Where public/private partnership is most needed by the real estate sector is in the matter of FDI promotion. Government bodies tasked with FDI facilitation must step up and take advantage of overtures from investor that in the past have been ignored. This traditional disconnect between government ministries and agencies and the private sector is unproductive and dangerous.

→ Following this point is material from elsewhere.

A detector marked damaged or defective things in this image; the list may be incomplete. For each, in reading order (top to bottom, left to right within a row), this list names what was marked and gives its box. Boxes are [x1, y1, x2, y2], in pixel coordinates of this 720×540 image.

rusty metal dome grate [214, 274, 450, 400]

Also needed as an energetic invitation for FDI on the domestic level is the removal or suspension of the Legal Order of Feb 2007 that imposed a licensing regime on all sales of Tobago property to foreign nationals. It is not credible to, on the one hand, invite international visitors to the island, and on the other hand deter all efforts to invest in a vacation home. This type of visitor investment has made other islands vibrant in terms of real estate sales and super-charged their tourism sectors. In T&T we have been on a downward trajectory since 2008 (earlier in Tobago) and stimulating the “villa market” has proved in the past to be extremely effective.
Another signal of encouragement for both domestic and foreign markets is to suspend Stamp Duty for a given period of time to make property purchases more affordable. With sales at such a low point, there would be little loss to the Exchequer initially and a very positive signal to the market. It is important to recognise that when the pandemic took hold in the UK, this was one of the first actions taken by Parliament and the public reacted well to it. Real estate sales boomed.

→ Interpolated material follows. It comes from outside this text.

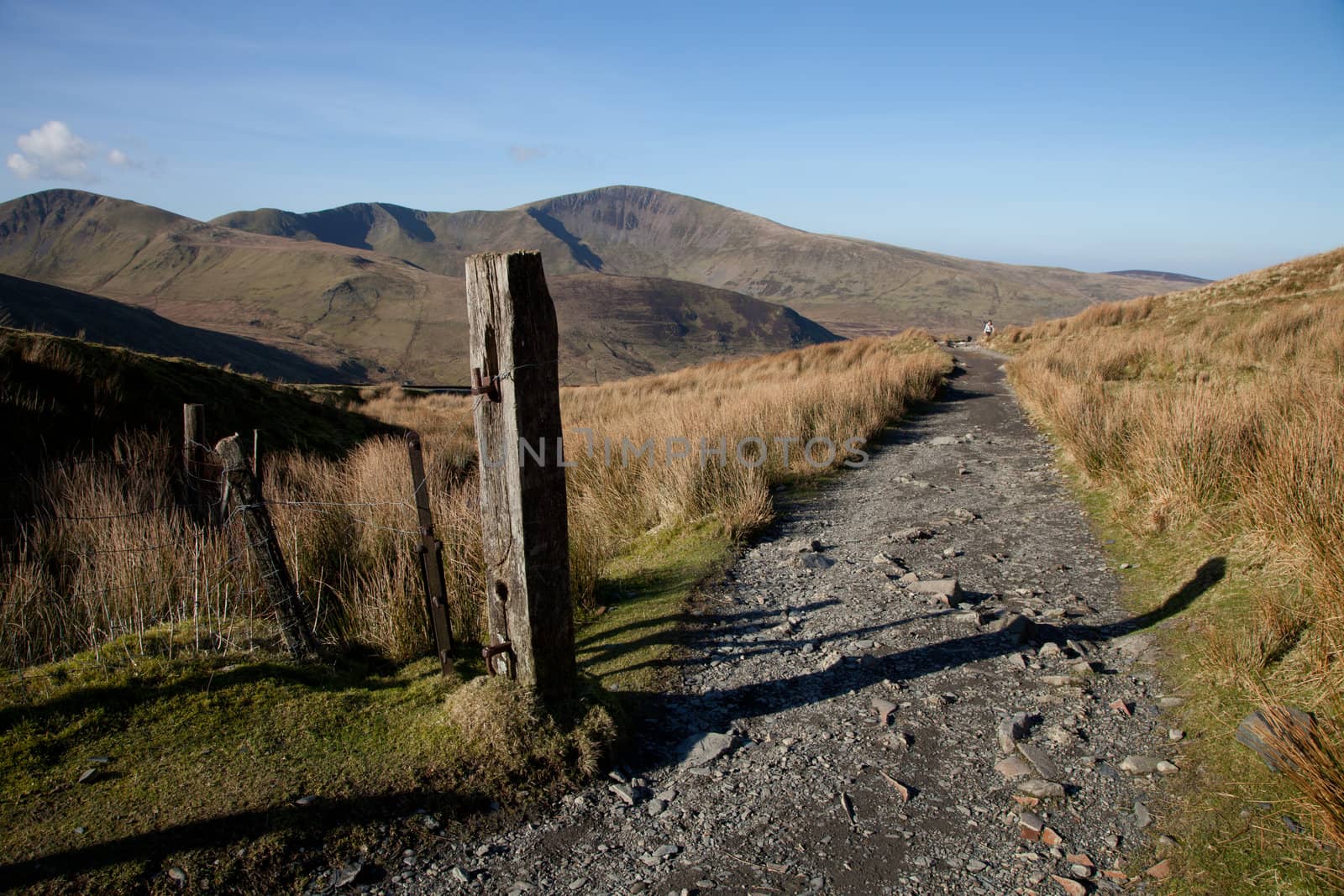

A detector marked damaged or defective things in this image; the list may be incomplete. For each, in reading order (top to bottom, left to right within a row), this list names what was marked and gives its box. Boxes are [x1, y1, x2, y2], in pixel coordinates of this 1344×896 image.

rusty metal bracket [467, 368, 500, 402]
rusty metal bracket [484, 642, 513, 677]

All these initiatives will only work if there is commitment by the GORTT to identify and support real estate as a significant economic indicator of the prosperity of the country, a key export contributor to GDP, and potentially, a significant earner of foreign exchange when FDI is once more attracted to our shores. The point is that there are options. There are actions that can be taken in the short term that will impact the speed at which real estate regains active status and allows Agents to get back to work And the health of the real estate sector directly impacts so many other down-stream businesses like construction, air-conditioning, landscaping, furnishing, pool construction and maintenance and so much more.
Investment in property is such a timeless, tested way to invest and protect wealth that we have a responsibility in these very unsure times to do everything possible to make property investment easy and desirable once again.